## Exercise
Would you transcribe exactly the lines below, starting at the one that contains "this 380×253 image." and ending with the last line, both included? Leave out all other lines.

[Free-text object descriptions]
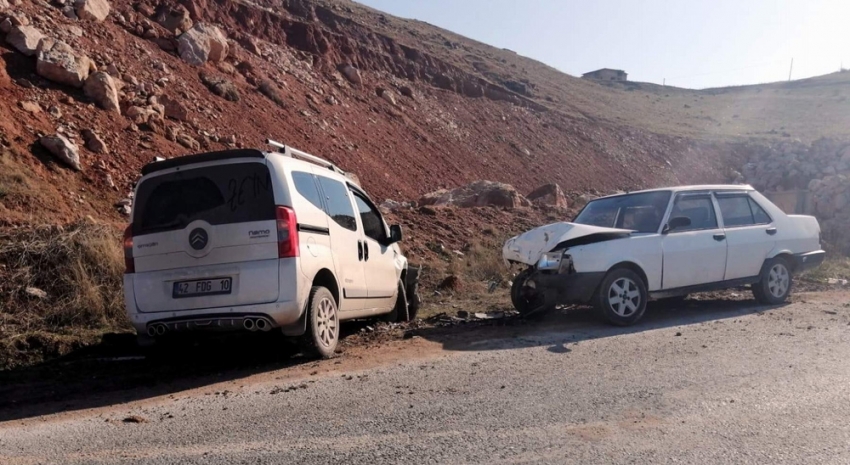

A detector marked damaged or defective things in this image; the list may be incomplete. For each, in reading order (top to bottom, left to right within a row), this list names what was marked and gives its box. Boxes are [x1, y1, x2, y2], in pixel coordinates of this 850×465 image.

crumpled car hood [500, 222, 632, 264]
damaged white sedan [504, 187, 820, 324]
broken bumper [528, 268, 608, 304]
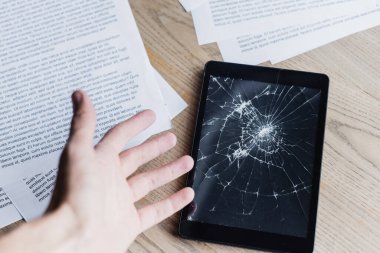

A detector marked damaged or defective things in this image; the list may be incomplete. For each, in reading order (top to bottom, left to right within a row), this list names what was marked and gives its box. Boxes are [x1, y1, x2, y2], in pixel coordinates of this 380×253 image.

shattered glass [187, 75, 320, 237]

## Task answer
A detector marked damaged or defective things in this image; the list may be incomplete. For each, in reading order (top to bottom, left to right within a row), this list names what was marked and gives its box. Boxes are [x1, y1, x2, y2], in pixel coordinates of this 380×253 image.

shattered glass [187, 75, 320, 237]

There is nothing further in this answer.